::: Dataset extract :::
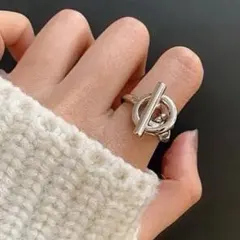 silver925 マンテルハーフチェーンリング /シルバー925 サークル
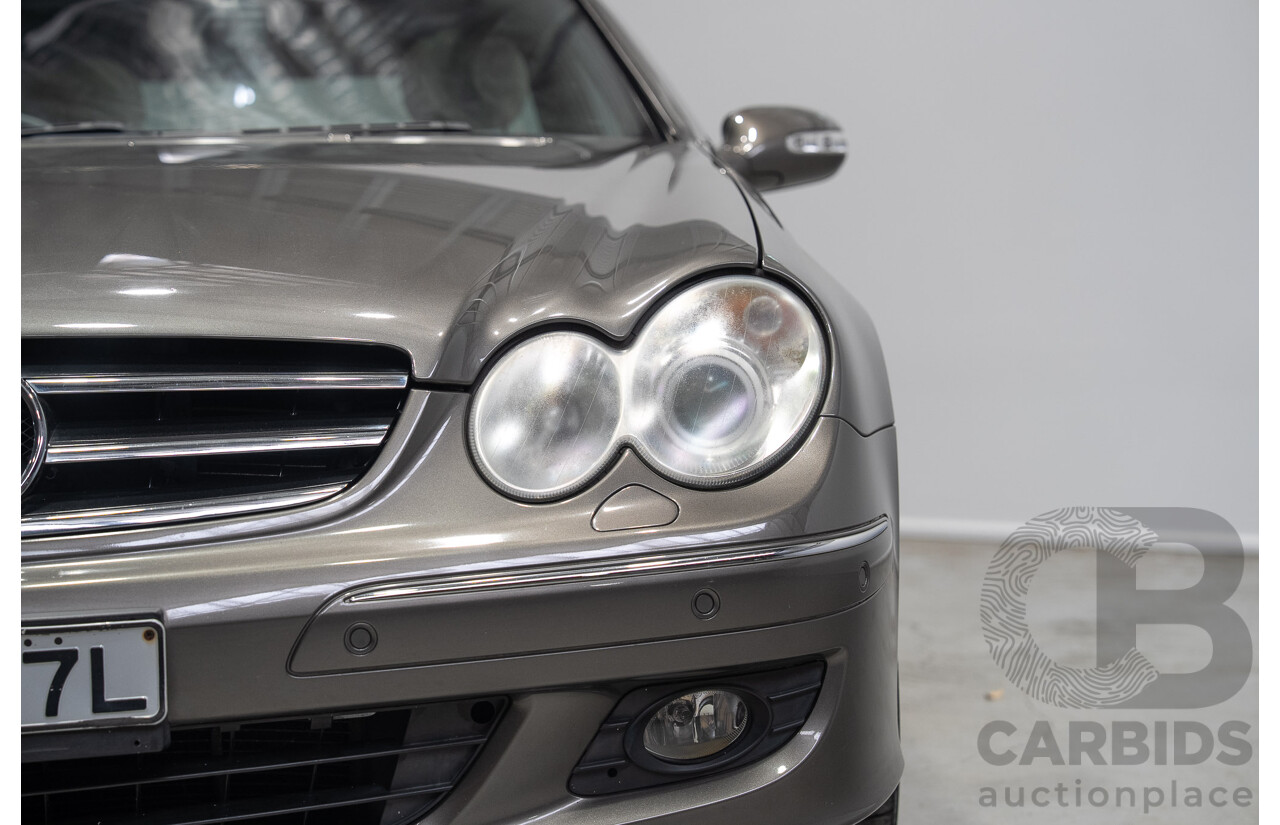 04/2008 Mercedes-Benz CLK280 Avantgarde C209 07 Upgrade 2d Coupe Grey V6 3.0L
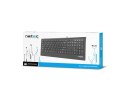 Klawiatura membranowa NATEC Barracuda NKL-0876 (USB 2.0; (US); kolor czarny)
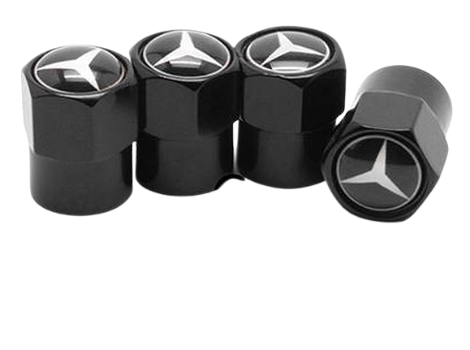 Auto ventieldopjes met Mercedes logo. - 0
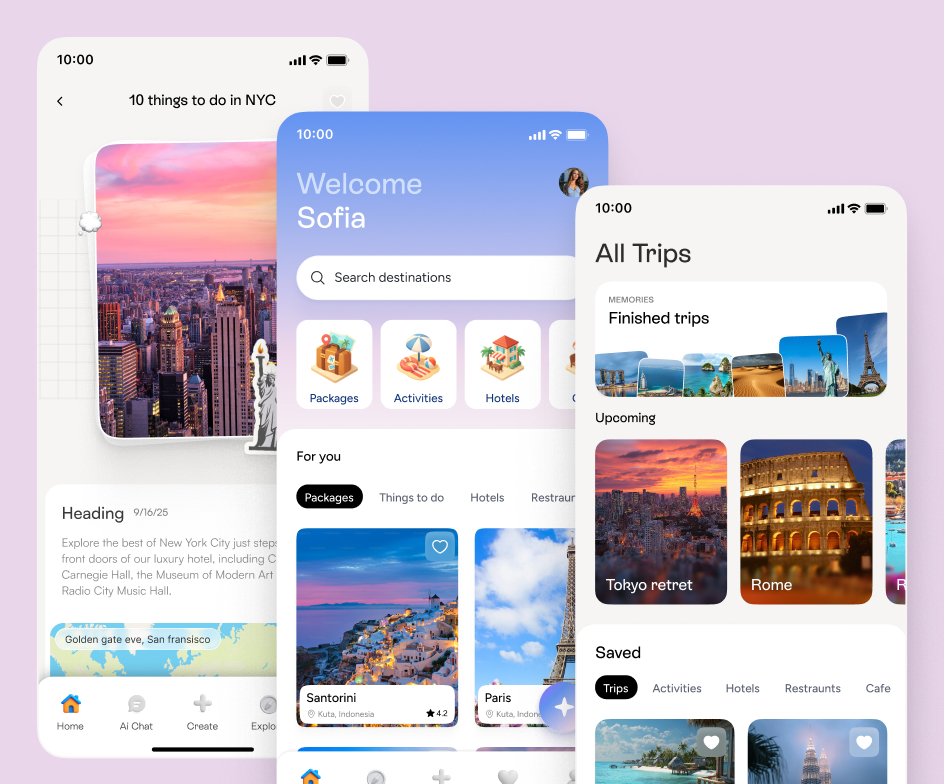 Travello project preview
:::
Without the pictures, write out the whole listing above exactly as it appears.

Answer below:
 silver925 マンテルハーフチェーンリング /シルバー925 サークル
 04/2008 Mercedes-Benz CLK280 Avantgarde C209 07 Upgrade 2d Coupe Grey V6 3.0L
 Klawiatura membranowa NATEC Barracuda NKL-0876 (USB 2.0; (US); kolor czarny)
 Auto ventieldopjes met Mercedes logo. - 0
 Travello project preview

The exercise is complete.